| Task details |
When copying the data below, keep only the lines from the one with "Vand pat lemn" through the one with "妙顕寺の丸窓からみた庭の様子", word for word, and skip the pictures.

| Task material |
....
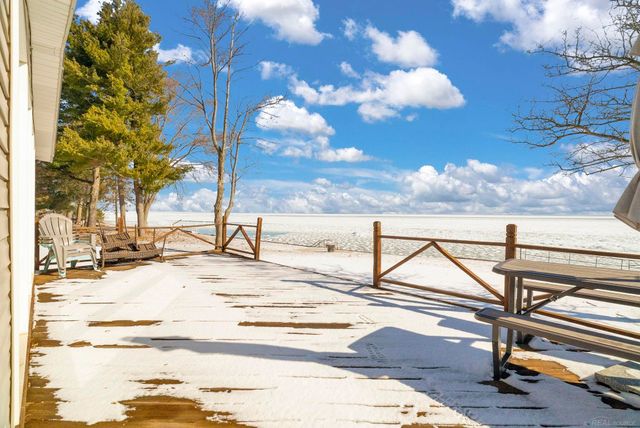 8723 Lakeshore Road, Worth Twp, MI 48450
....
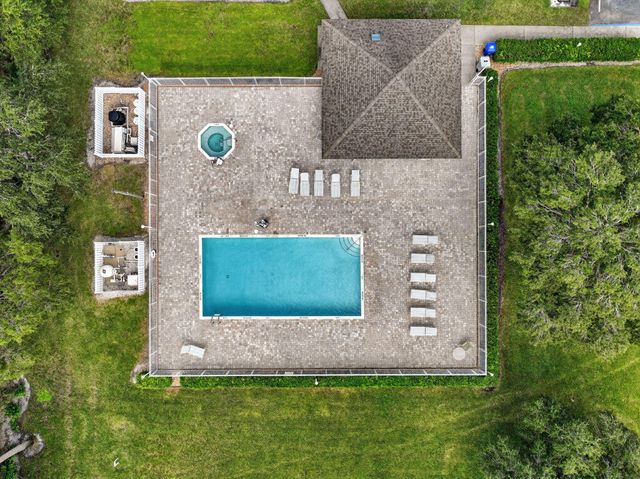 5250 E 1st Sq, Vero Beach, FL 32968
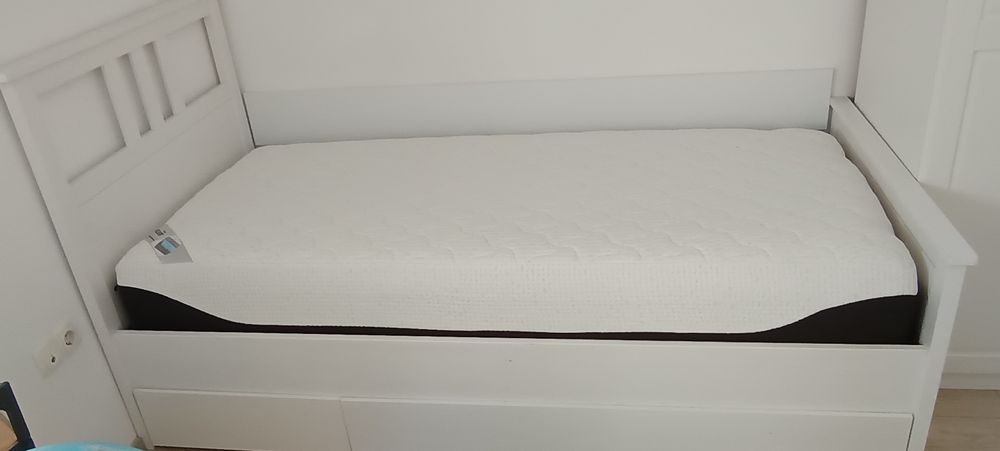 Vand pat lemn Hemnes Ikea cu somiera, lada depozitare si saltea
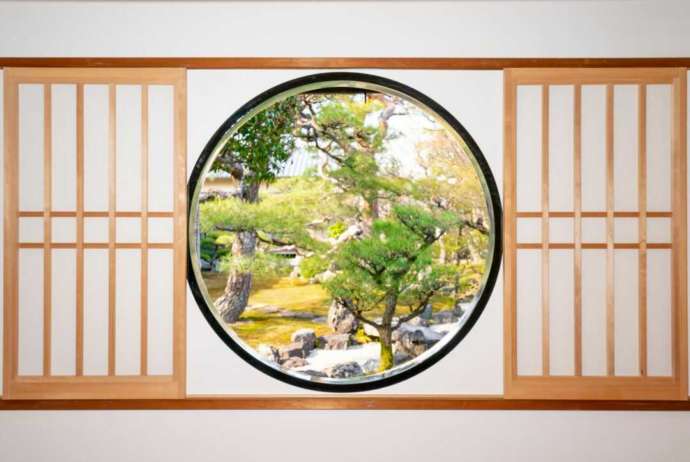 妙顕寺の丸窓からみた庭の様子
....
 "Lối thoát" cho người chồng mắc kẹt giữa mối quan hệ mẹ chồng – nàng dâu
....
| Result of this task |
 Vand pat lemn Hemnes Ikea cu somiera, lada depozitare si saltea
 妙顕寺の丸窓からみた庭の様子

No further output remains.